US 12,271,443 B1
	Automatic data curation
Diego Ardila, Oakland, CA (US); Russell Kaplan, San Francisco, CA (US); Vinjai Saraj Vale, Exeter, NH (US); and Jihan Yin, San Francisco, CA (US)
Assigned to SCALE AI, INC., San Francisco, CA (US)
Filed by Scale AI, Inc., San Francisco, CA (US)
Filed on Sep. 23, 2021, as Appl. No. 17/482,860.
Int. Cl.

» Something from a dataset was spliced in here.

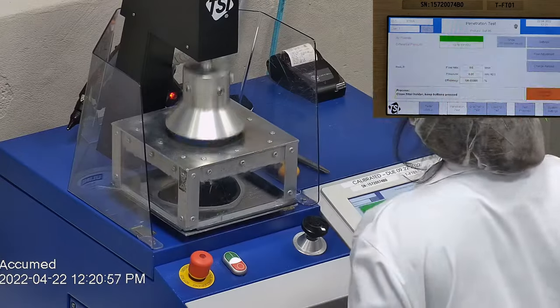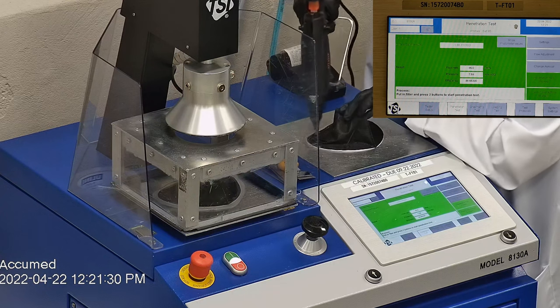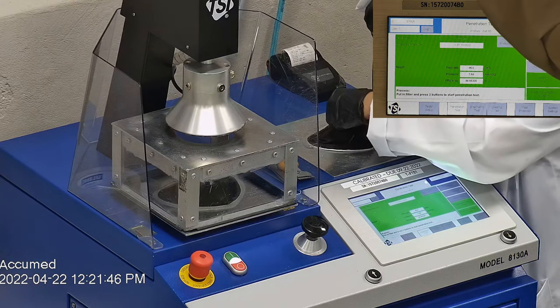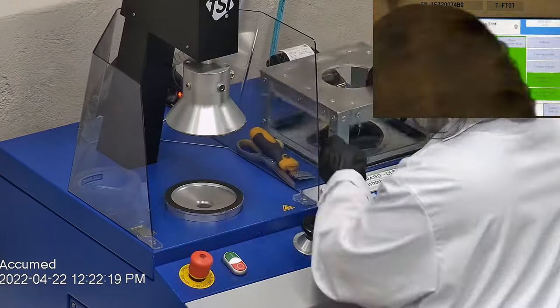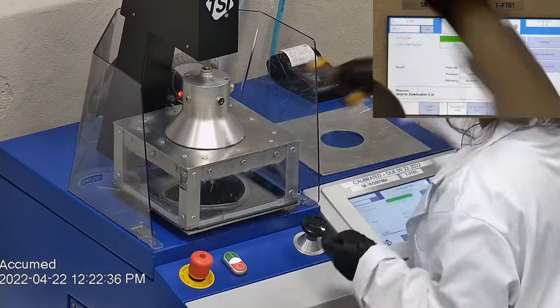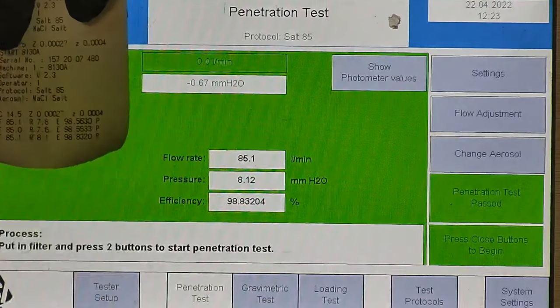The TSI machine is now conducting its test, which tests for both particle filtration efficiency and pressure drop. Let's go over the results. F stands for air flow rate, which we test at 85 liters per minute. R is for resistance, also referred to as pressure drop — this correlates with breathability, so the lower the number the more comfortable and breathable the respirator is. E stands for filtration efficiency percentage. As shown, the filtration percentage for all three samples was 98.56% or above.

G06F 18/214 (2023.01); G06F 18/21 (2023.01); G06N 3/088 (2023.01); G06N 3/0895 (2023.01); G06N 3/09 (2023.01); G06N 20/00 (2019.01); G06V 10/70 (2022.01); G16B 40/20 (2019.01); G16B 40/30 (2019.01); G06F 16/24 (2019.01); G06F 16/28 (2019.01); G06F 16/332 (2019.01); G06F 16/3329 (2025.01); G06F 16/35 (2019.01); G06F 16/903 (2019.01); G06F 16/9032 (2019.01); G06F 16/906 (2019.01); G06F 18/23 (2023.01); G06N 3/091 (2023.01); G06V 10/82 (2022.01)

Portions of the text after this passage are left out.